Key Challenges Facing Local Currency Trade:
- Limited International Demand: Most BRICS+ currencies are not widely accepted or convertible outside their home markets.
- For example, Indian rupees accumulated by Russia can only be spent in India, limiting utility.
- Economic Imbalance: Many BRICS+ nations are net exporters and face challenges in accumulating trade partner currencies.
- Fragmentation Risk: Emerging payment systems like BRICS+ Clear and China’s Cross-border Interbank Payment System (CIPS) risk creating inefficiencies if not integrated globally.
Existing Examples of Local Currency Trade:
- Southern Africa: South African rand plays a regional role in the Southern African Customs Union.

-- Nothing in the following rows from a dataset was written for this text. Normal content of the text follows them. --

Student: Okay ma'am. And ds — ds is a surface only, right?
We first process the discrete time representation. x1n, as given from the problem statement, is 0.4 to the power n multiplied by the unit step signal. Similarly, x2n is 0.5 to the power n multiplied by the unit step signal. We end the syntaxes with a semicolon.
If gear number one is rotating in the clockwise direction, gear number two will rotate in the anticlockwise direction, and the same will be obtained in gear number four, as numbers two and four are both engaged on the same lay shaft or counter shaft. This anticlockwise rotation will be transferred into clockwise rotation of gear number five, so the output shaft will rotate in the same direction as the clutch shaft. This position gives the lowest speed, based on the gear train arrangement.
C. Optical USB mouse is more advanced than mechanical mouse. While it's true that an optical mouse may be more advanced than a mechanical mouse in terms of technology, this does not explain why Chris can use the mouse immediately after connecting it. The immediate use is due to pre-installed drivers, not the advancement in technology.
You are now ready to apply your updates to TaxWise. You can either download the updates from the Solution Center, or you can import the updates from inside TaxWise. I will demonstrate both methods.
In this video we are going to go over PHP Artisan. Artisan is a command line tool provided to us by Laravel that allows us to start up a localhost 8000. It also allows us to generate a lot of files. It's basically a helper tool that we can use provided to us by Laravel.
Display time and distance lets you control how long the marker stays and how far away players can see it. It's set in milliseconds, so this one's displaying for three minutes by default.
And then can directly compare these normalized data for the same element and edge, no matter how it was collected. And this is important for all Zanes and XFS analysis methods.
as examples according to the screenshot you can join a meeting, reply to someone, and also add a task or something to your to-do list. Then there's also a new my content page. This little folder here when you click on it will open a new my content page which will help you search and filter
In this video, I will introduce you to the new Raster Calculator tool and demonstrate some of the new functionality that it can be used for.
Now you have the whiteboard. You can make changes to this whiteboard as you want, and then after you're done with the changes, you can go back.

- India-Russia Trade: Russia exports oil to India in exchange for rupees, but excess rupee reserves remain underutilised.
- China’s Barter Trade Model: China exchanges industrial goods for local currencies and uses them to buy local products, creating a circular trade flow.
- Ethiopia-China Trade: Profits in Ethiopian birr are reinvested locally or used to purchase Ethiopian goods like coffee, later exported to China.
Potential Solutions for Structuring Local Currency Trade:
- Incremental Implementation: Start with a portion of trade in local currencies, building systems and trust gradually.
- Fast Digital Payment System: Develop a secure, efficient system to calculate and balance currency demand among members.
- Centralised Coordination: Create uniform standards for digital platforms to ensure compatibility and minimise costs.
- Adapt to Regional Needs: Consider that some members, especially in Africa, may not see immediate benefits from shifting away from SWIFT.